Çalışanlar yaşam standartlarını yükseltmek için daha fazla ücret talep ederken, örgüt yöneticileri de ücret düzeyini giderler artmasın diye düşük tutmaya çalışırlar. Örgütün içinde bulunduğu koşullar ve çalışanların beklentileri dikkate alınarak uygun bir ücret belirlemek çalışanların örgütteki verimliliği üzerinde arttırıcı etki yaratmaktadır (Özdemir ve Akpınar, 2002:92).

2.4.2.2.3. Stres

Çalışanının çevresiyle olan etkileşimi neticesinde ortaya çıkan gerilim iş stresi olarak ifade edilebilir. Bazı çalışmalarda çalışanın iş stresi yaşamasına çevresinin onun üzerinde yarattığı baskının neden olduğu ileri sürülmüştür (Efeoğlu ve Özgen, 2007:238).

64

Aynı zamanda stres psikolojik bir kavramdır ve stres yaratan olgulara karşı bir tepkidir (Beehr ve Newman, 1978:669). Motowidlo, Packard ve Manning (1986), stresi endişe, rahatsızlık, korku, depresyon ve keder gibi hoş olmayan bir duygusal deneyim olarak ifade etmişler ve stresin iş yaşamında iş performansı üzerindeki etkilerini araştırmışlardır. Stresli olayların yoğun hissedilmesi bireylerin kişisel özellikleri ile ilişkilidir. Bazı bireyler bazı durumları yoğun stresli bulurken, başkaları daha da yoğun stresli bulabilirler.

Çalışanların işten ayrılma niyetini etkileyen stres yöneticiler için her zaman önemli bir konu olmuştur. Strese neden olan bir dizi faktör çalışanın örgütten ayrılmasına yol açar. İş güvenliği, işin sürekliliği ve prosedürlerin uygulanmasında adalet olmaması çalışanların memnuniyetini etkilemekte, strese girmelerine neden olmakta ve işten ayrılma niyetini arttırmaktadır. Çalışanlar mali açılardan kendilerini güvende hissetmediklerinden dolayı strese girebilir ve finansal nedenlerle örgütten ayrılabilirler. Başka bir şekilde örgütteki rolün ne olduğunun bilinmemesi de çalışanı strese girmesine neden olabilir (Qureshi vd., 2012:232).

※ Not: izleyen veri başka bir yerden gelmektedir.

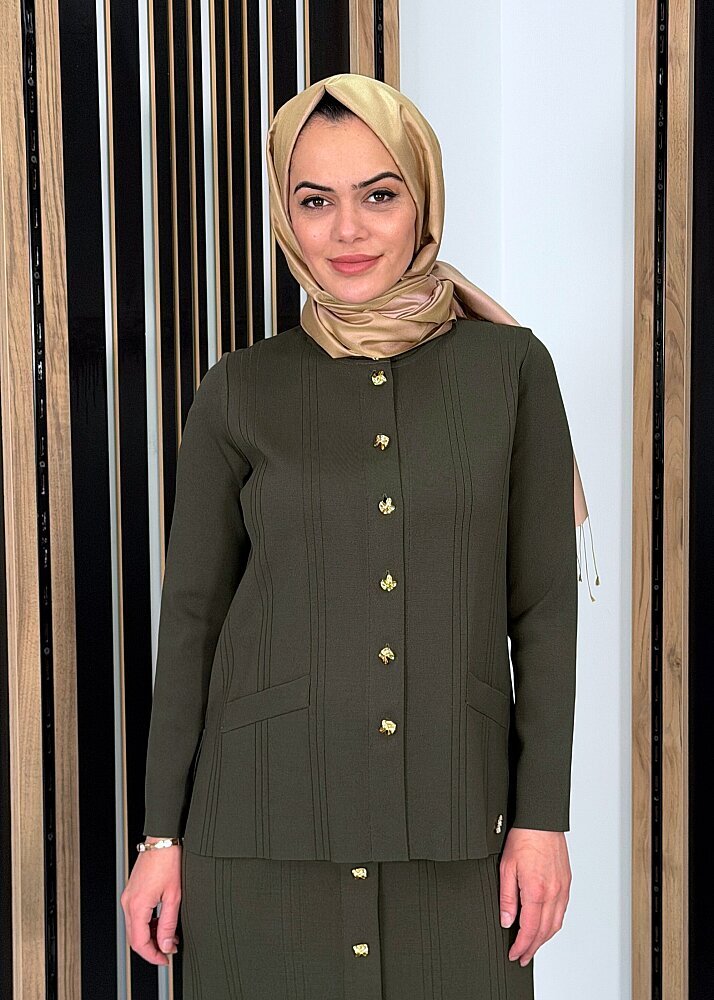 Miss Dalida Düğmeli Klasik Triko Ceket KHAKİ - 3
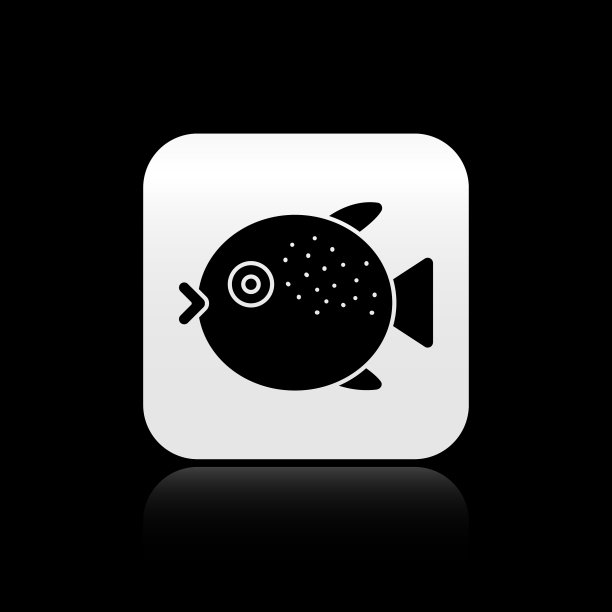 黑色河豚鱼图标孤立在黑色图片下载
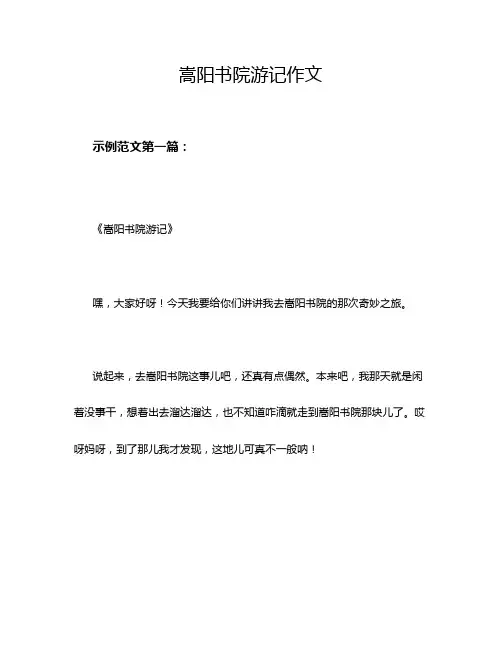 嵩阳书院游记作文
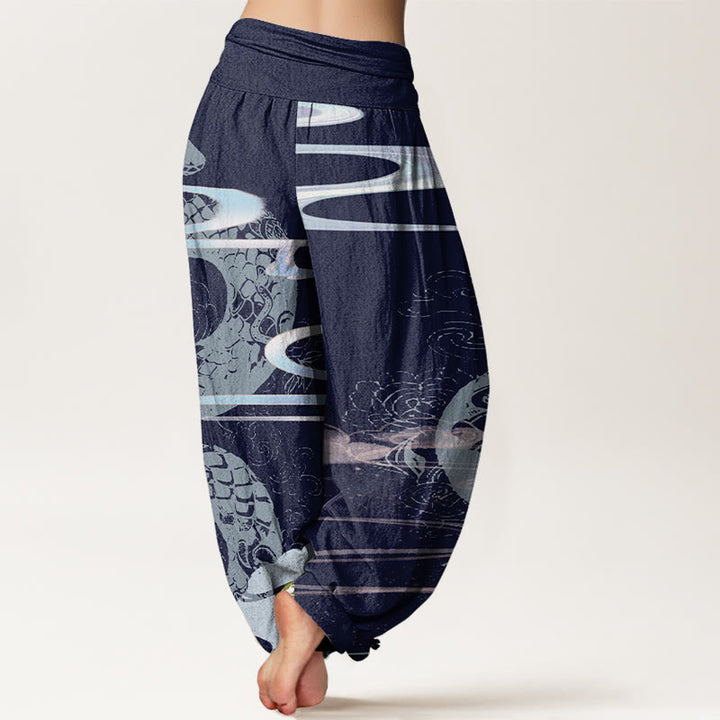 Buddha Stones Auspicious Clouds With Snake Pattern Women's Elastic Waist Harem Pants - image 9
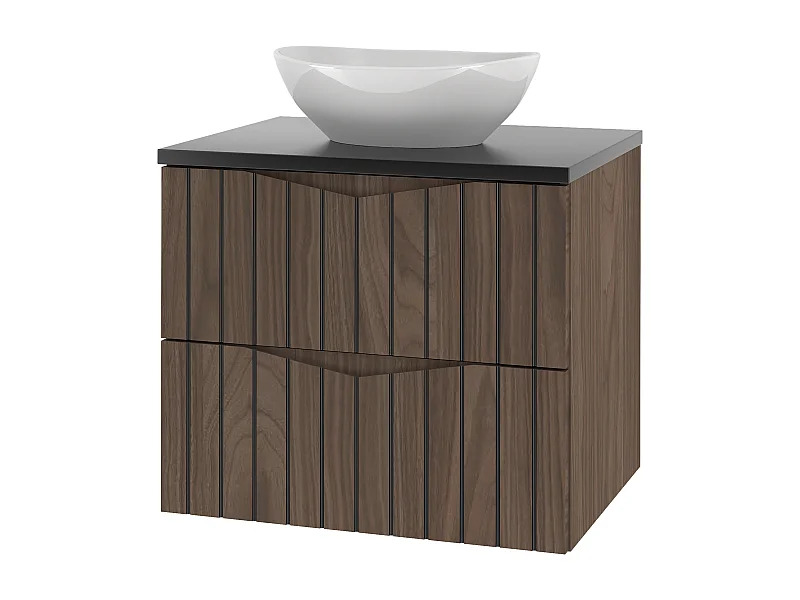 Badezimmer-Set 60 cm Schrank mit Waschtischplatte und Waschbecken Geriffelte Fronten Eiche Nussbaum Stella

Çalışma ortamındaki stres kaynakları ve olumsuzluklar çalışanların işe devam etme isteklerinin azalmasına ve performanslarının düşmesine neden olur (Tütüncü ve Demir, 2003:150). Stresin çalışanların tatmin, verimlilik ve davranışları üzerinde doğrudan etkisi bulunmaktadır (Onay ve Kılcı, 2011:364).

2.4.2.2.4. Aşırı İş Yükü

Aşırı iş yükü, örgütte çalışanların yerine getirebileceklerinden daha fazla iş talep edilmesidir. Örgütlerdeki eleman azlığı, dönemsel iş yoğunluğu veya örgütün çalışanlarını ekonomik nedenle işten ayırması nedeniyle mevcut çalışanlar üzerine aşırı iş yükü binmesi çalışan psikolojisi açısından önemlidir (Uysal vd., 2015:942). Dolayısıyla, Jones vd., (2007)’ne göre aşırı iş yükü, işten ayrılma niyetini etkileyen bir faktördür.

2.4.2.3. Çevresel Etmenler

İşletme dışında gelişen bazı faktörler işten ayrılma niyetine etki edebilirler. Ülkenin içinde bulunduğu ekonomik durum, sektörler arası iş gücü değişimi ve ekonomik istikrarsızlıklar gibi sorunlar çalışanların işten ayrılma niyetleri üzerinde etkili olabilir (Tütüncü ve Demir, 2003:149). Örgütlerde mevcut çalışma koşullarından memnun

65

olmayan çalışanlar işten ayrılma niyetine girebilirler. Bununla birlikte ekonomik krizlerin olduğu ve işsizlik oranının yüksek olduğu dönemlerde, alternatif iş imkanlarının az olması işten ayrılma niyetini etkileyebilir ve azaltabilir (Gürbüz ve Bekmezci, 2012:194).

İşten ayrılma niyeti kavramını anlamaya çalışırken alternatif iş olanaklarının da önemini hesaba katmak gerekir (Arnold ve Feldman, 1982:353). Alternatiflerin algılanması ve değerlendirilmesi bireysel işten ayrılma süreci için çok önemlidir (Mobley vd.,1979:504) . Lee ve Mowday (1987)’e göre alternatif iş imkanlarının işten ayrılma niyeti üzerinde etkisi olabilir.